De retour en France, ils obtiennent du juge des tutelles un acte notarié constatant la possession d’état d’enfant légitime à leur égard mais le ministère public refuse d’en faire mention à l’état civil. Ils engagent donc en action en transcription de l’acte notarié et, subsidiairement, en établissement de la filiation paternelle de l’enfant par la possession d’état.
La Cour d’appel (Douai, 14 septembre 2009) rejette leurs demandes et est approuvée par la Cour de cassation : « il est contraire au principe de l’indisponibilité des personnes, principe essentiel en droit français, de faire produire effet à une convention portant sur la gestation pour le compte d’autrui, nulle d’une nullité d’ordre public, aux termes des articles 16-7 et 16-9 du code civil ».

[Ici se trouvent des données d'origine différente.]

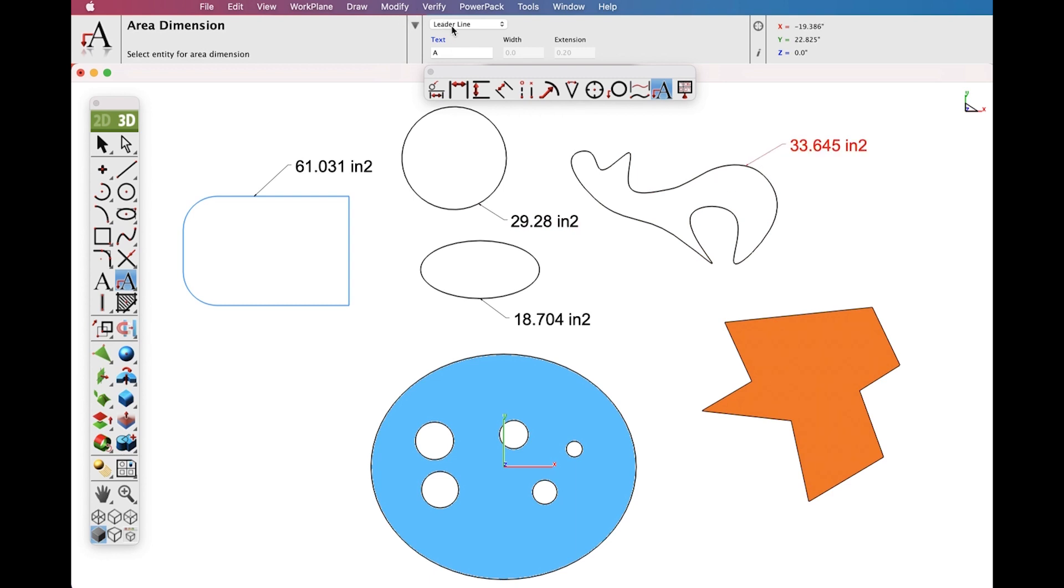Now let's switch over to Text at Centroid and see how that works with polygons. In this case it calculates the Centroid and puts the Area Measurement there.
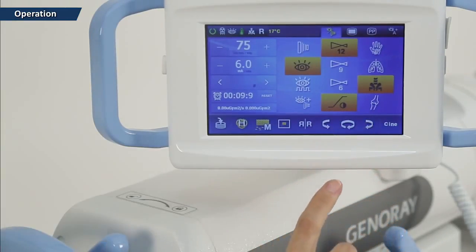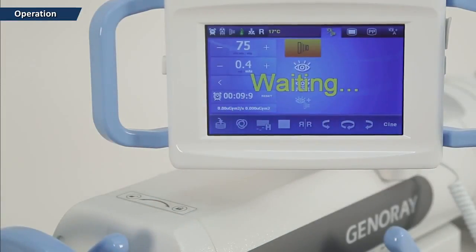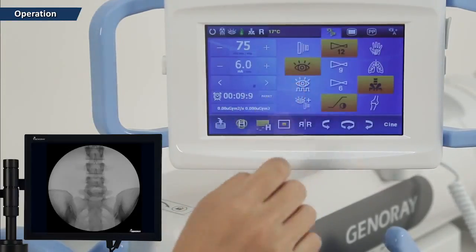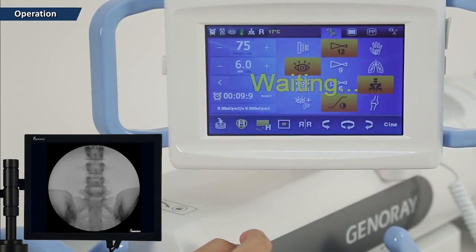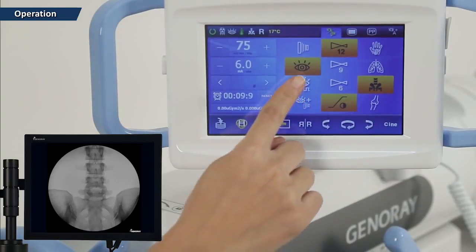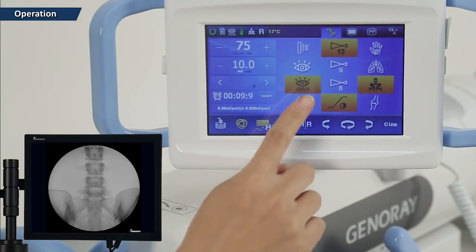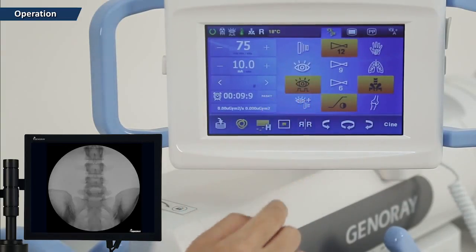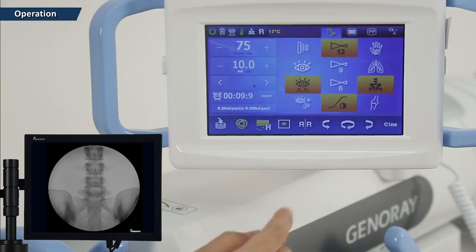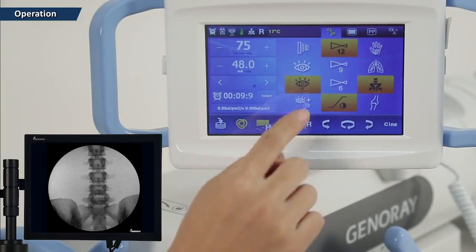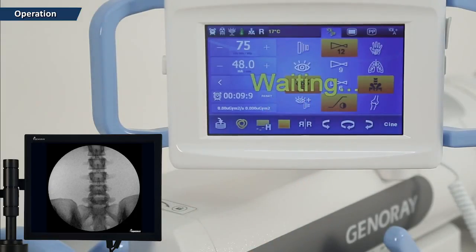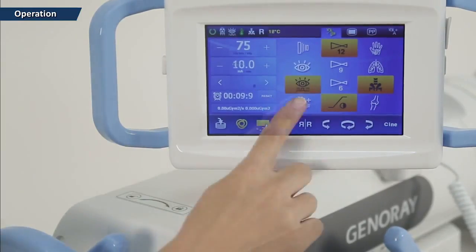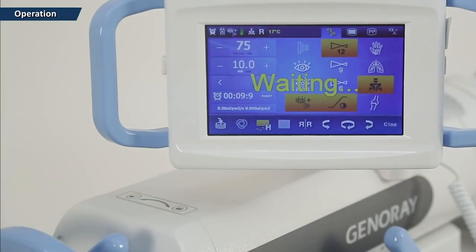The X-ray radiation mode has radiography mode, continuous fluoroscopy mode, 30 pulse fluoroscopy mode, 15 pulse fluoroscopy mode, 5 pulse fluoroscopy mode, and snapshot mode.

Pourtant la Haute juridiction précise que ce rejet, qui ne porte pas atteinte à l’intérêt supérieur de l’enfant – valeur cardinale protégée par la Convention de New-York – ne prive pas non plus l’enfant de la filiation maternelle et paternelle que le droit de l’Etat du Minnesota lui reconnait ni ne l’empêche de vivre avec le couple en France. Il est donc bien l’enfant de ses parents, mais du point de vue américain seulement.
Hasard du calendrier, le même jour au Sénat, en première lecture du projet de loi relatif à la bioéthique, les sages se prononçaient contre la pratique de la gestation pour autrui suivant la position de la commission des affaires sociales de la Haute assemblée.